- Opening Delimiter -

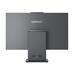 Lenovo IdeaCentre AIO 27IRH9 Intel Core i3-1315U 8GB 512GB-SSD 27"FHD IPS IntelUHD Win11Home Luna Grey F0HM0140CK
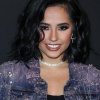 beckyg_0077.jpg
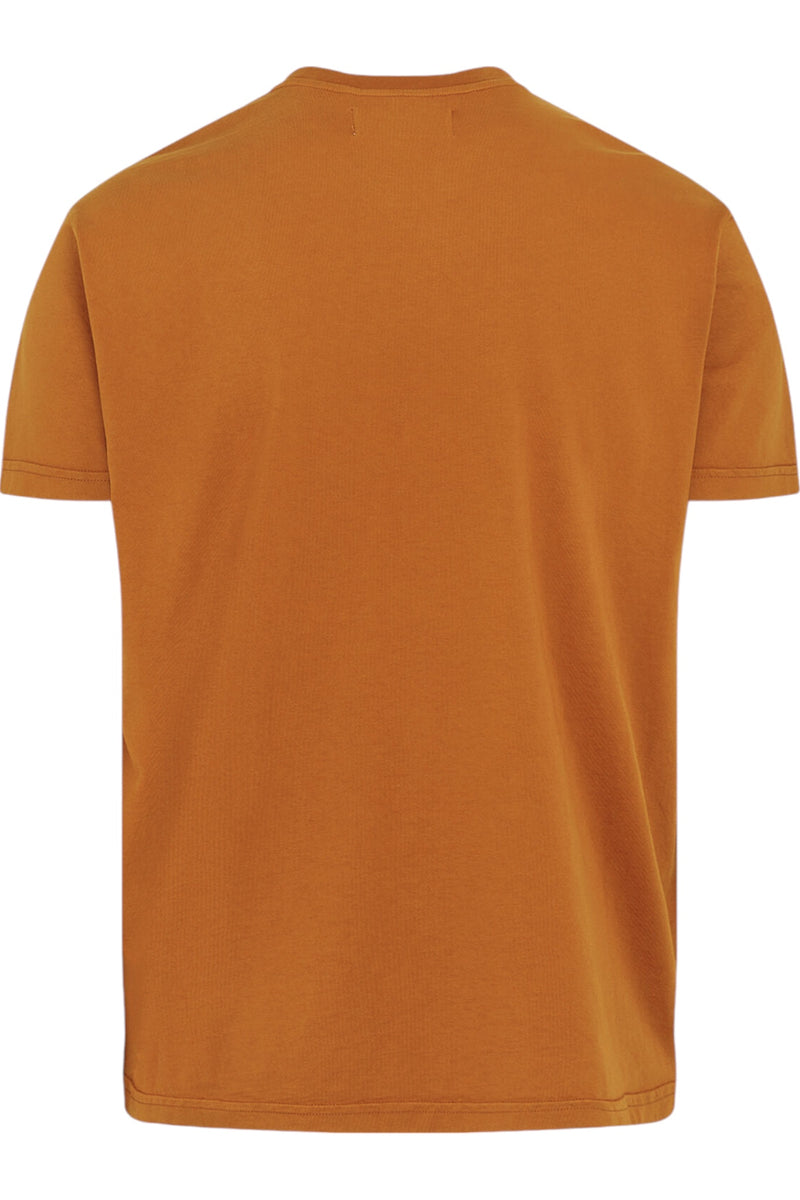 Vivienne Westwood Banana Split Classic T-Shirt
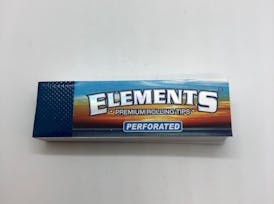 Elements Premium Rolling Tips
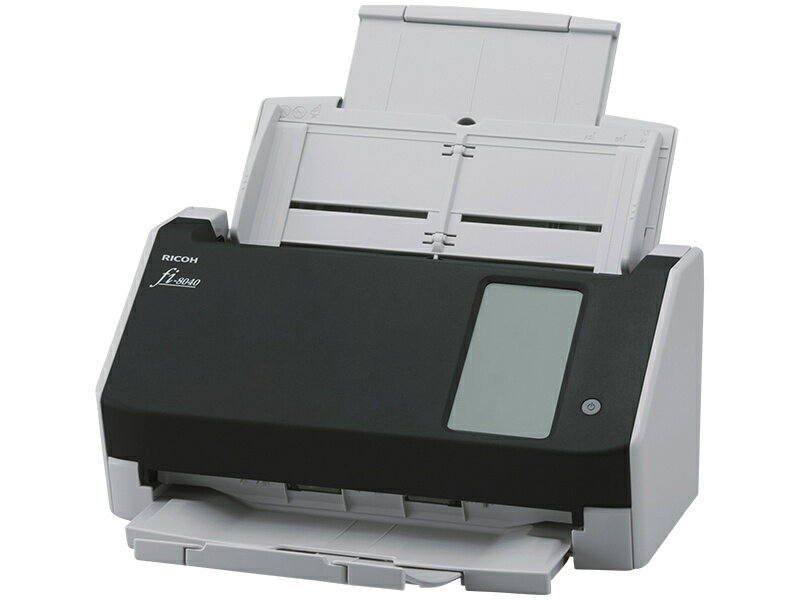 富士通 - 富士通 FI-800R A4カラースキャナ fi-800R Amazon.co.jp：富士通 FI-800R A4カラースキャナ fi-800R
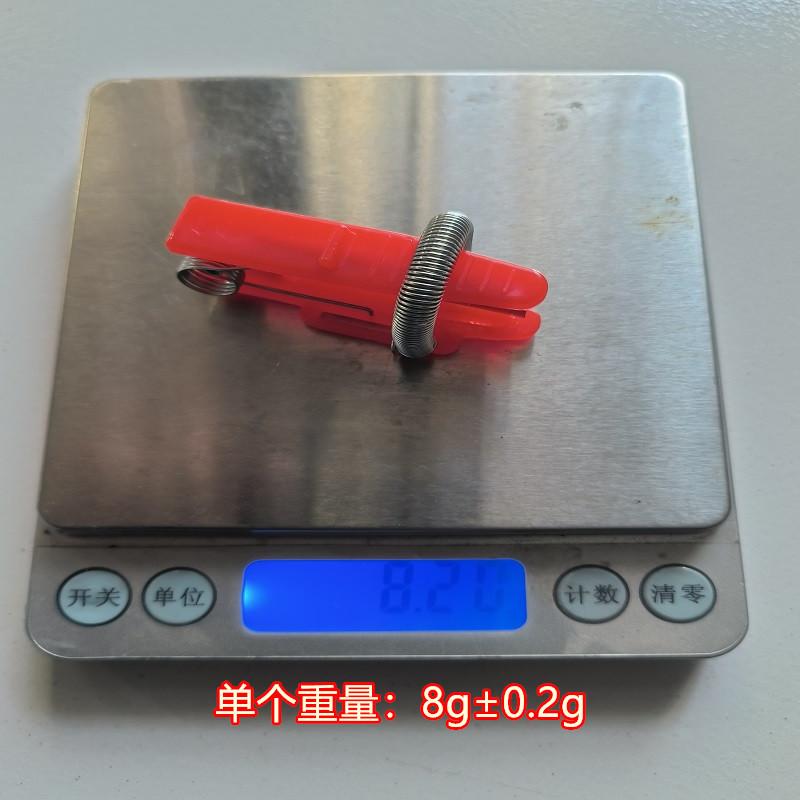 IMG_20240320_161207_副本.jpg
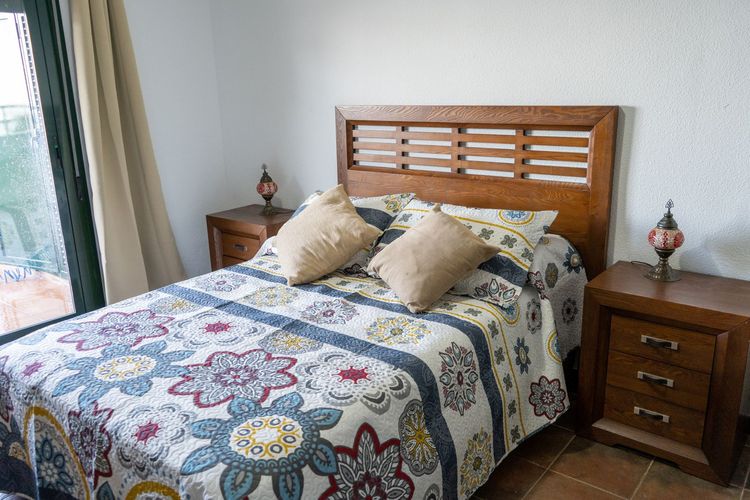 Apartment | Resale in Torrox in Torrox, Costa del Sol - Photo 4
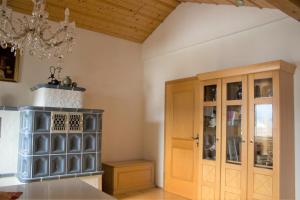 Gallery image of Ferienwohnungen Irene Konstandin in Bischofsmais
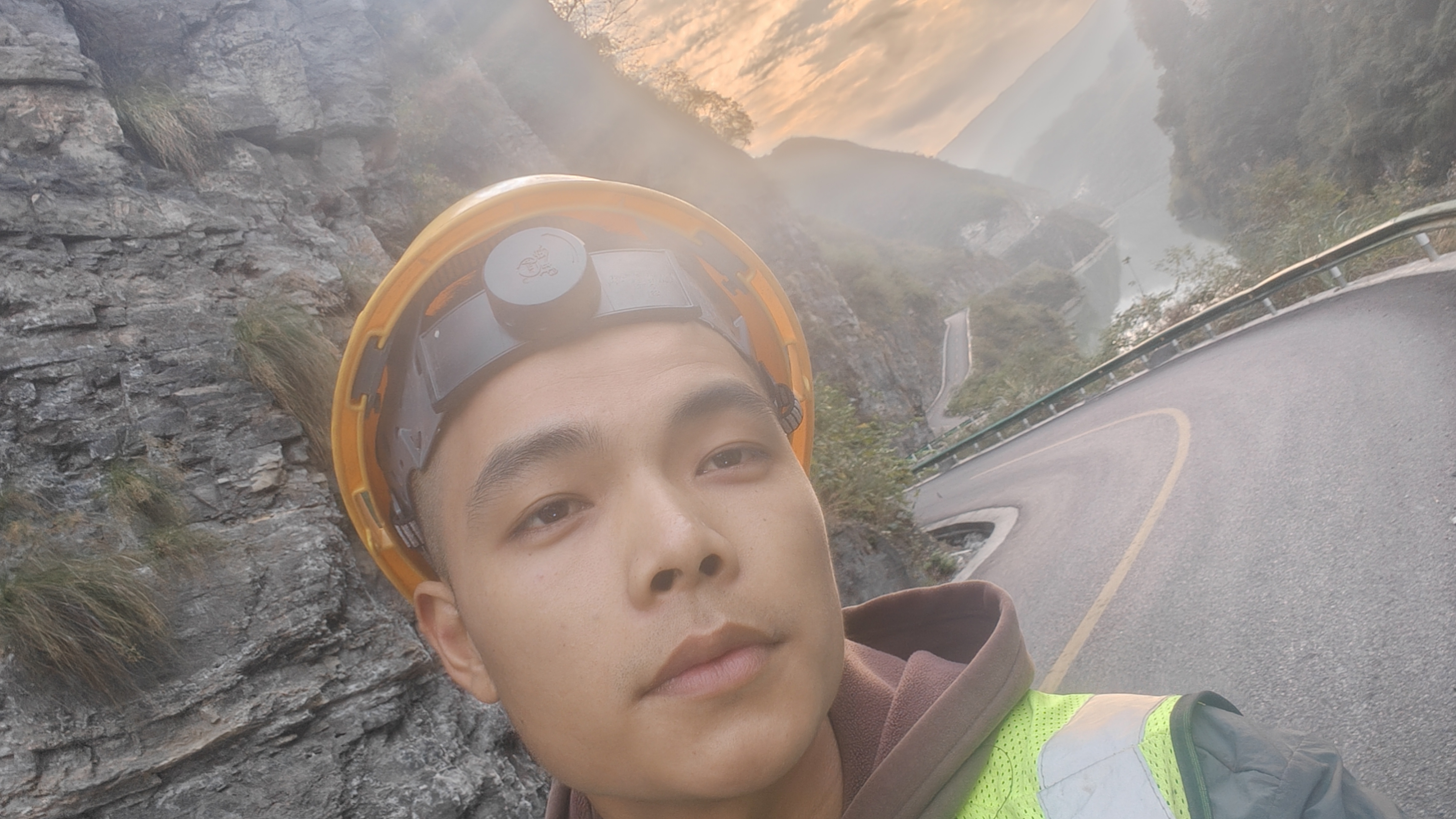 https://assets.gongji58.com/2026-05-29/2337762-8e2yp196kl1780047174.jpg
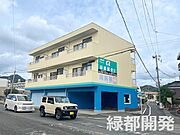 メルス小月 2階 築36年8ヶ月の賃貸物件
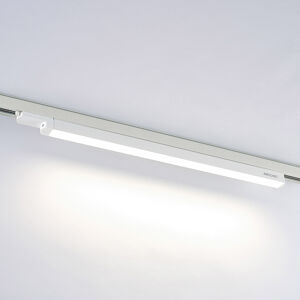 Arcchio Arcchio Harlow LED svítidlo bílá 69cm 4 000 K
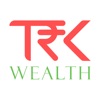 TRK WEALTH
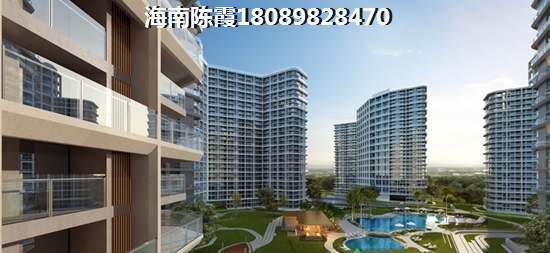 文昌能touzi買房么？
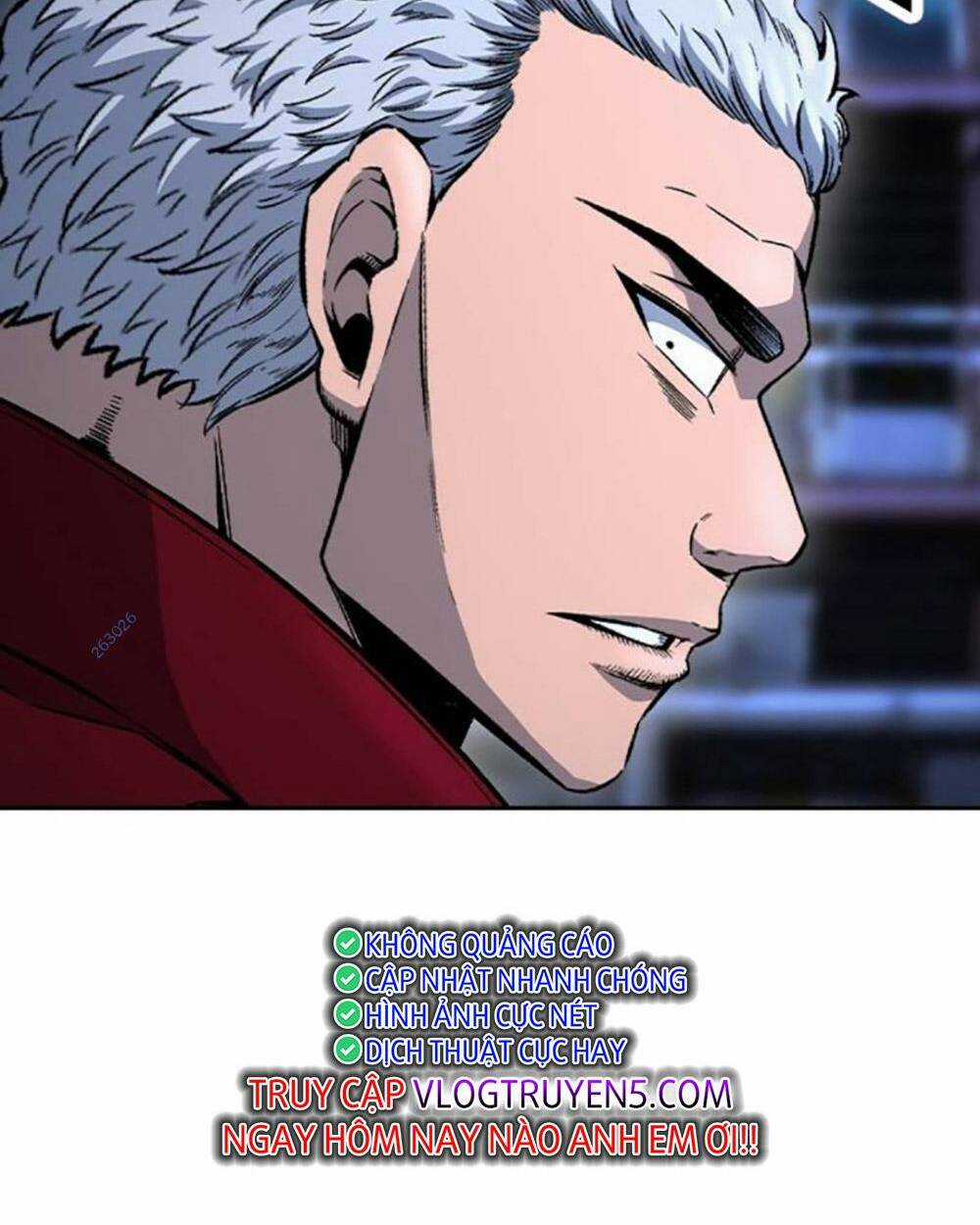 King Game - Chapter 69 - Trang 95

- Closing Delimiter -

▶ **Task goal**
Starting at the line that contains "富士通 - 富士通 FI-800R", please write out each line through the last line of the data, both ends included, and keep pictures out of the copy.

▶ **Answer**
 富士通 - 富士通 FI-800R A4カラースキャナ fi-800R Amazon.co.jp：富士通 FI-800R A4カラースキャナ fi-800R
 IMG_20240320_161207_副本.jpg
 Apartment | Resale in Torrox in Torrox, Costa del Sol - Photo 4
 Gallery image of Ferienwohnungen Irene Konstandin in Bischofsmais
 https://assets.gongji58.com/2026-05-29/2337762-8e2yp196kl1780047174.jpg
 メルス小月 2階 築36年8ヶ月の賃貸物件
 Arcchio Arcchio Harlow LED svítidlo bílá 69cm 4 000 K
 TRK WEALTH
 文昌能touzi買房么？
 King Game - Chapter 69 - Trang 95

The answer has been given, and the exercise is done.